Noi dobbiamo imparare a far scorrere la Parola nelle nostre vene, a farla diventare il lievito delle nostre giornate, quel sale che porta il sapore nelle nostre vite, quella scintilla che illumina il nostro mondo.
Il mio in(solito) commento a:
Il Verbo si fece carne (Giovanni 1,1-18)
Ma come facciamo a non amare un Dio così? Guardate, amici cari, con quanta intensità Egli ci ama. Guardate con quale costanza Egli sta lì ad aspettare che noi torniamo a Lui quando abbiamo commesso un errore. Guardate con quanta premura Egli viene a cercarci quando ci smarriamo nel deserto dei nostri dubbi e dei nostri peccati. No, Dio non è un entità lontana. Egli ha rinunciato alle comodità dei cieli per scendere in mezzo a noi a vivere, per camminare con noi. Come può questo Dio che si è fatto carne, restare indifferente davanti al dolore, non prendersi cura di chi sbaglia, restare lontano da chi può essere salvato con un gesto d’amore?
Neppure il pensiero delle altre novantanove pecore ferma il Dio-pastore dall’andare nel deserto a cercare l’unica che si è smarrita. Perché tutte le pecore, anche la più debole, anche la più testarda, anche la più lontana con la mente e con il cuore, sono ugualmente importanti agli occhi di Dio.
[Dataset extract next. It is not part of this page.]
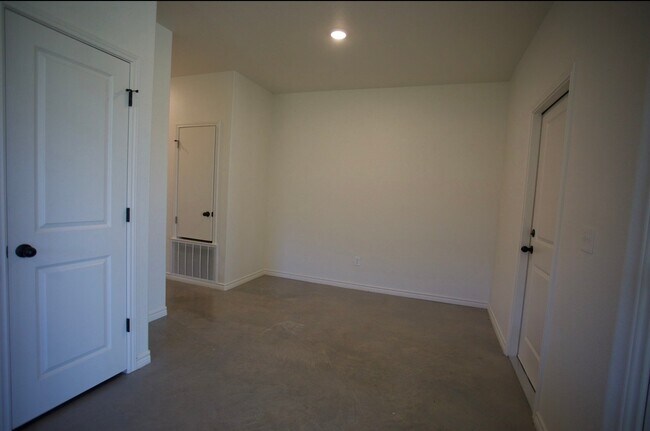 Building Photo - 4144 Long Creek Lane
E no, nessuno merita di essere lasciato indietro. Nessuno. Nel suo cammino l’uomo non è mai solo. Non ci sarà un solo giorno della nostra vita in cui cesseremo di essere una preoccupazione per il cuore di Dio. Lui si preoccupa per noi, e cammina insieme a noi, perché ci ama!
Ma così come Dio non ci lascia soli, noi non dobbiamo lasciare solo Lui. No, cari amici, non dobbiamo permettere che Dio vaghi solo per strade polverose a diffondere il Vangelo. Noi abbiamo una missione, ed è la stessa che Gesù ha affidato ai suoi apostoli: “Andate in tutto il mondo e proclamate il Vangelo ad ogni creatura” (cfr. Marco 16,15-20) sono le ultime parole del Risorto prima di salire al cielo. E’ la missione definitiva. E’ la nostra chiamata. Una richiesta che non possiamo ignorare. Noi, amici, tutti noi, abbiamo una responsabilità: dobbiamo testimoniare con la nostra stessa vita, con il nostro comportamento, con le nostre opere, la Parola di Gesù al mondo. Noi dobbiamo fare sì che il Vangelo entri nelle nostre esistenze, così da poterlo trasmettere agli altri con le nostre azioni. Sì, perché non basta nutrirsi della Parola, bisogna anche donarla.
Dobbiamo imparare a “sporcarci le mani con il Vangelo”. Non possiamo rimanere seduti sul divano dopo aver incontrato Gesù! Ma dobbiamo calarci nella vita quotidiana ed agire. No, non vi preoccupate, non è “difficile”, è solo un po’ faticoso. Ma molto, molto piacevole. Il “miracolo” che Gesù desidera da noi oggi è il far entrare il Vangelo nella nostra vita di tutti i giorni. Abbandonare l’atteggiamento di ascoltatori passivi della Parola ed imparare a farla scorrere nelle nostre vene, a farla diventare il lievito delle nostre giornate, quel sale che porta il sapore nelle nostre vite, quella scintilla che illumina il nostro mondo.
Gesù ci attende, nel nostro lavoro di ogni giorno, nello studio, nella vita normale. E ci chiede di vivere fino in fondo, facendo nostri i valori del Vangelo. Ci chiede di diventare noi stessi pagine viventi di Vangelo, comportandoci in ogni situazione come meglio la nostra coscienza ci suggerisce e mai come sarebbe più comodo. Eccolo il miracolo che ci chiede Gesù!
Tu, proprio tu, che stai leggendo adesso queste righe… tu sei terreno fertile. La Parola in te ha attecchito, sta germogliando, crescerà, si fortificherà, e ti renderà forte. Tu hai un dono. Un dono che hai ricevuto dal Signore. E questo dono acquisterà tanto valore, quanto più tu riuscirai a farlo fruttare.